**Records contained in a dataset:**
----------
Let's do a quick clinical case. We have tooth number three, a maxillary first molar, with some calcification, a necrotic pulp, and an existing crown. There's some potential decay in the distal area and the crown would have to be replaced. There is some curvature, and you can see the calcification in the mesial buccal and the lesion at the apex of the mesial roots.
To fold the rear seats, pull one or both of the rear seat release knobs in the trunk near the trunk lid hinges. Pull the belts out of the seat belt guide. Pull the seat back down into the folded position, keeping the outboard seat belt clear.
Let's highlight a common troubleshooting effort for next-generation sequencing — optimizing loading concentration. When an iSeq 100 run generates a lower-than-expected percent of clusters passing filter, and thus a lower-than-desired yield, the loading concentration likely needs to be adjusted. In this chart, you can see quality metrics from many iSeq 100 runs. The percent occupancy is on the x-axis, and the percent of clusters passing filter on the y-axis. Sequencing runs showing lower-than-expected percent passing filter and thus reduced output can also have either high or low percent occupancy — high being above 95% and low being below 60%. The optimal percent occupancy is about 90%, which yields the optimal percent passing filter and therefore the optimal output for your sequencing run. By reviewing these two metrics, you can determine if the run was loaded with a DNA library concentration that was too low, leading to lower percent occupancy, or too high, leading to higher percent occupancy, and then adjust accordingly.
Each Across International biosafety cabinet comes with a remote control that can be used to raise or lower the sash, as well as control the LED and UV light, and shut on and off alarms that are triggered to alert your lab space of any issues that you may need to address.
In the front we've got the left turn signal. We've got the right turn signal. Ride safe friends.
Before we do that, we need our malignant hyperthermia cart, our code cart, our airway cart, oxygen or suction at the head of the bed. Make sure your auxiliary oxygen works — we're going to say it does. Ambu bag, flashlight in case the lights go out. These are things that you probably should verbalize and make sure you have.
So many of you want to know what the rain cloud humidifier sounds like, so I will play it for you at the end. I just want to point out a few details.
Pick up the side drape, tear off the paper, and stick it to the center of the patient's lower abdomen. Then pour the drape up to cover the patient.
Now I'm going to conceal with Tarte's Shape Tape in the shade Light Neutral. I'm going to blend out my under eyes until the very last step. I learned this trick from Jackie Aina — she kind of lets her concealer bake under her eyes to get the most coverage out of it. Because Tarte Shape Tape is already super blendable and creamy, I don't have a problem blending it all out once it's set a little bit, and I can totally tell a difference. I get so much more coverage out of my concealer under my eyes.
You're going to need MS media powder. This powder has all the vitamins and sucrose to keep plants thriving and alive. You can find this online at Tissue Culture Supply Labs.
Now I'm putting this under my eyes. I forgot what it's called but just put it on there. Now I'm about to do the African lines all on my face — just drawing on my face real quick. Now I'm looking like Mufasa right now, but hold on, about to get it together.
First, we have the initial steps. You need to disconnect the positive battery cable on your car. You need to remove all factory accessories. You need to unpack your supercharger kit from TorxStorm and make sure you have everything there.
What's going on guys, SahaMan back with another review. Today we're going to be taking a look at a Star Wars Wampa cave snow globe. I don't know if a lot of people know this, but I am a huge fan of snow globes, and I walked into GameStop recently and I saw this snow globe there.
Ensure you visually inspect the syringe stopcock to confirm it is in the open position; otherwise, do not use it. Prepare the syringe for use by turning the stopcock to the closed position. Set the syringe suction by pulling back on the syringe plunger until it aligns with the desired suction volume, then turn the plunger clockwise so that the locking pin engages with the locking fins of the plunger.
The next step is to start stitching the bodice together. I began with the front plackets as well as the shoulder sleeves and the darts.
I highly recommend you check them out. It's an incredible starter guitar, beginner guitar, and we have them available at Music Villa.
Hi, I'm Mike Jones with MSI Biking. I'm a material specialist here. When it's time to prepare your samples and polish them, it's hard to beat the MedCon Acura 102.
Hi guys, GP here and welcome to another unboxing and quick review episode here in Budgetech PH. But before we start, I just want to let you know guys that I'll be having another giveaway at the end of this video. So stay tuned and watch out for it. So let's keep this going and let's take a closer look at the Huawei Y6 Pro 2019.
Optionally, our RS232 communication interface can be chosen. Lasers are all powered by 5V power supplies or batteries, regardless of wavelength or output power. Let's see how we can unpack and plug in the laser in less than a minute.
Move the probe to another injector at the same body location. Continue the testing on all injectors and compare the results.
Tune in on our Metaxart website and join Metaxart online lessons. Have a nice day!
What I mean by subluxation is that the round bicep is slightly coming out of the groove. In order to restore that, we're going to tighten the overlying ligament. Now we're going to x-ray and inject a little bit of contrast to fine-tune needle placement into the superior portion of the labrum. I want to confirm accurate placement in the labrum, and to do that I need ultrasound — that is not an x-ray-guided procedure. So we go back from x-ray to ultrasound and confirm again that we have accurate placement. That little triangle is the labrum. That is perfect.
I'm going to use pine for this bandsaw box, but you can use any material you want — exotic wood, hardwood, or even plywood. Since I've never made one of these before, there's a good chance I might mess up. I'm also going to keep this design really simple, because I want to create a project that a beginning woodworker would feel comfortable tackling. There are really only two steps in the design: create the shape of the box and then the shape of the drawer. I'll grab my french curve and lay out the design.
----------
**Assignment:** Out of the entries above, write out only the lines between the line holding "Tune in on our" and the line holding "What I mean", inclusive, each exactly as given.

**The answer:**
Tune in on our Metaxart website and join Metaxart online lessons. Have a nice day!
What I mean by subluxation is that the round bicep is slightly coming out of the groove. In order to restore that, we're going to tighten the overlying ligament. Now we're going to x-ray and inject a little bit of contrast to fine-tune needle placement into the superior portion of the labrum. I want to confirm accurate placement in the labrum, and to do that I need ultrasound — that is not an x-ray-guided procedure. So we go back from x-ray to ultrasound and confirm again that we have accurate placement. That little triangle is the labrum. That is perfect.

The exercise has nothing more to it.